Page MenuHomePhabricator

Modern Event Platform: Stream Intake Service: Implementation: Deployment Pipeline
Closed, ResolvedPublic8 Story Points

Description

This ticket tracks the work to be done to set up a Jenkins CI + Docker + Kubernetes deployment pipeline for the Stream Intake Service recently named EventGate.

Related Objects

Event Timeline

There are a very large number of changes, so older changes are hidden.
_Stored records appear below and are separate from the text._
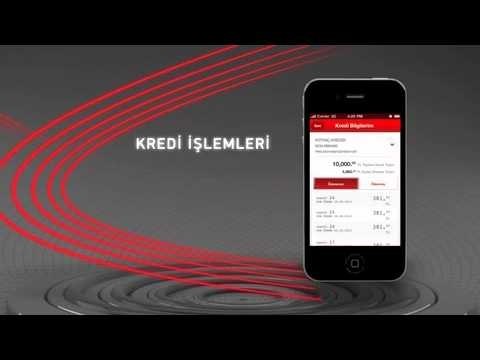 Akbank Direkt Mobil kredi işlemleri!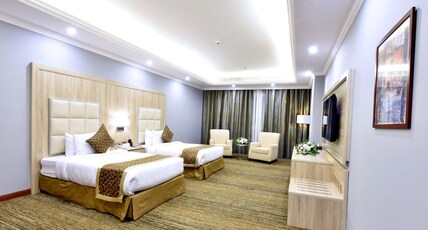 Iridium 70 Hotel Room Type - Standard Twin Room City View Iridium 70 Hotel Room Type - Standard Twin Room City View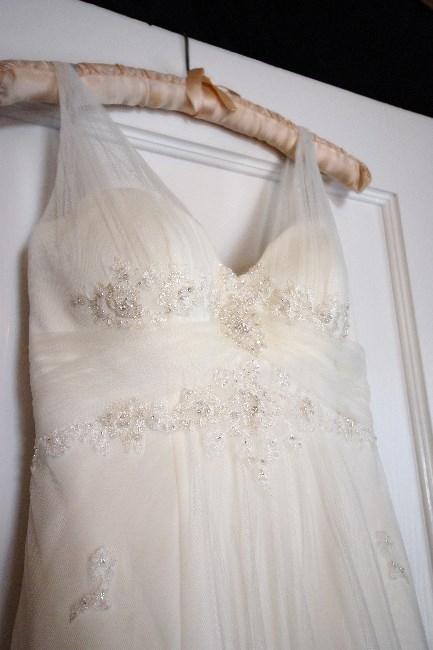 Georgia : Lace wedding gown : Sizes 6 - 8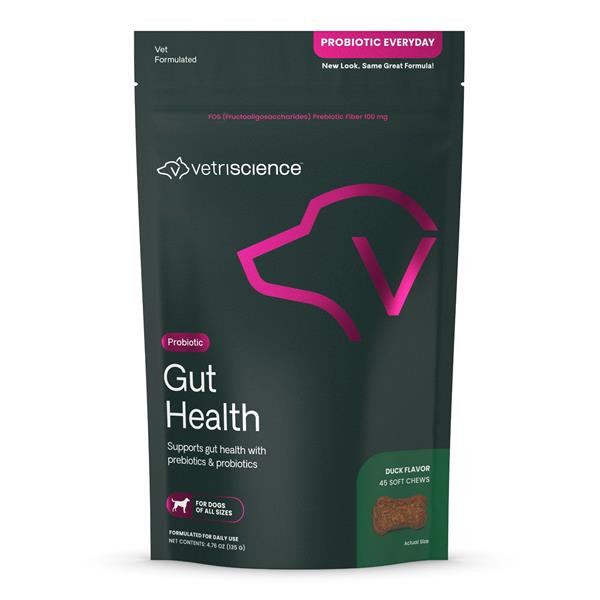 Vetri Science Gut Health Probiotic žuvacie tbl. 45 tbl.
Show Older Changes
Ottomata moved this task from Next Up to In Progress on the Analytics-Kanban board.Jan 7 2019, 8:28 PM
Ottomata moved this task from Next Up to In Progress on the EventBus board.
Ottomata set the point value for this task to 8.Jan 8 2019, 4:17 PM

Change 482855 had a related patch set uploaded (by Ottomata; owner: Ottomata):
[integration/config@master] Add eventgate-ci for deployment pipeline

https://gerrit.wikimedia.org/r/482855

@Pchelolo, hmmmm. eventgate in prod will need to have the event-schemas repo(s) available somehow. I'm working on getting the docker images and helm charts figured out. For the initial deployment prototype, I'm considering just making a blubber and CI based docker image that will be included in the eventgate docker image somewhere. This will work for a trial, but will be a bit inflexible, since it will mean that a new schema will require a rebuild and redeploy of eventgate.
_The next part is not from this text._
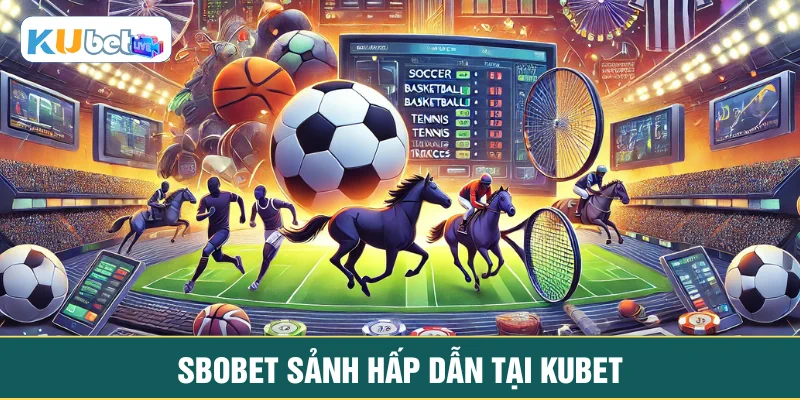 SBOBET sảnh hấp dẫn tại KUBET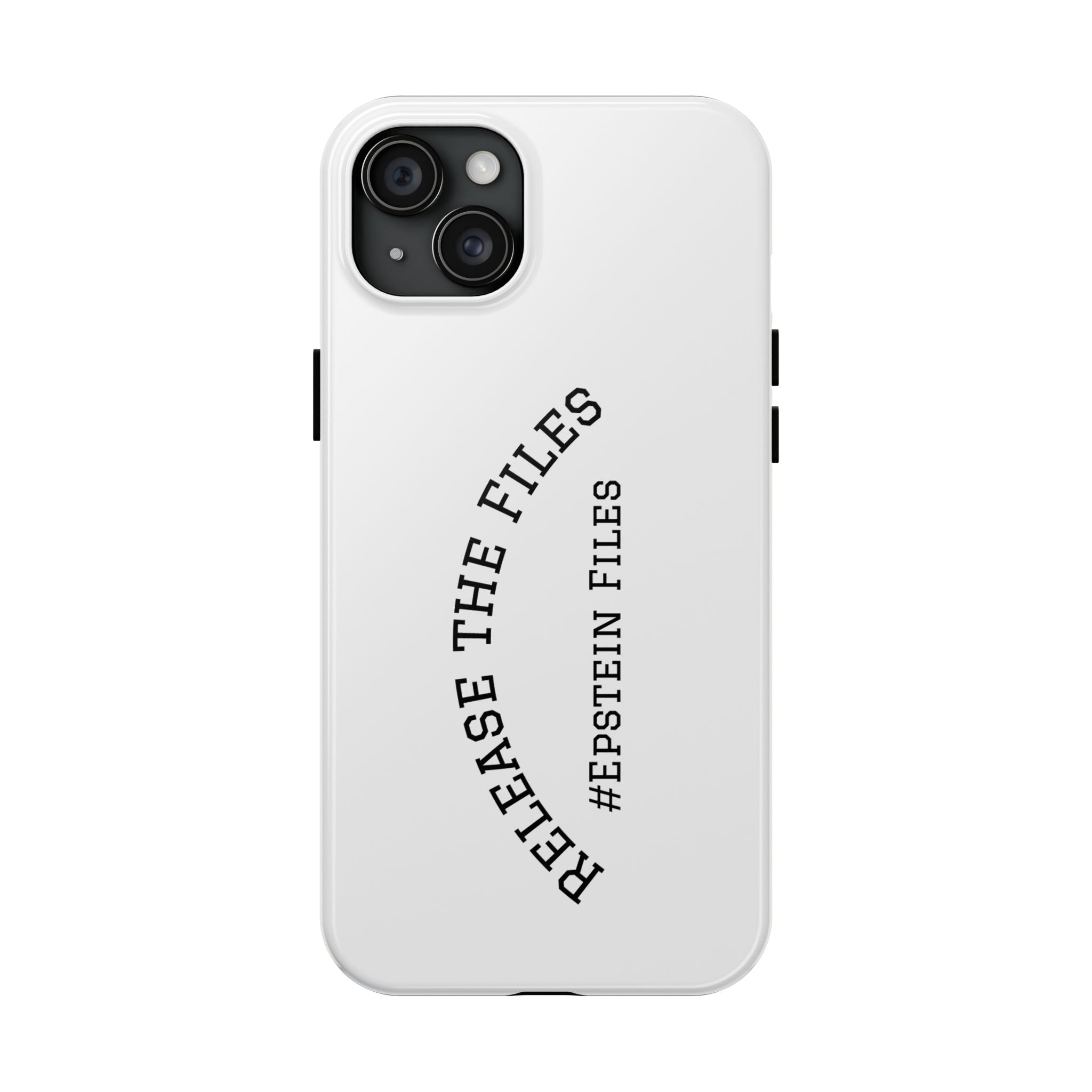 Epstein Files Tough Phone Cases | Unique Phone Protection, Trendy Gift, Statement Piece, Pop Culture Accessory, Functional Fashion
Perhaps we should consider deploying a quick and easy (non kubernetes based) schema registry? We could set up something simple via puppet: a webserver and a git clone ensure => latest of the event-schemas repo. Thoughts?

Change 482867 had a related patch set uploaded (by Ottomata; owner: Ottomata):
[operations/puppet@production] WIP Serve event-schemas repo via http

https://gerrit.wikimedia.org/r/482867

We could consider using https://kubernetes.io/docs/concepts/storage/volumes/ for that if it's easy to set up in our k8s, @akosiaris will know more.

Regarding a little http server - if it's gonna only be used for a test deployment - I'm ok with that, but it will be a blocker for putting any production load on the deployed eventgate. We can not have a production service depend on something like this.

Change 482855 merged by jenkins-bot:
[integration/config@master] Add eventgate-ci for deployment pipeline

https://gerrit.wikimedia.org/r/482855

@akosiaris In your doc , in the Start Up section, you mention 'Open grafana'. Can you elaborate here? :)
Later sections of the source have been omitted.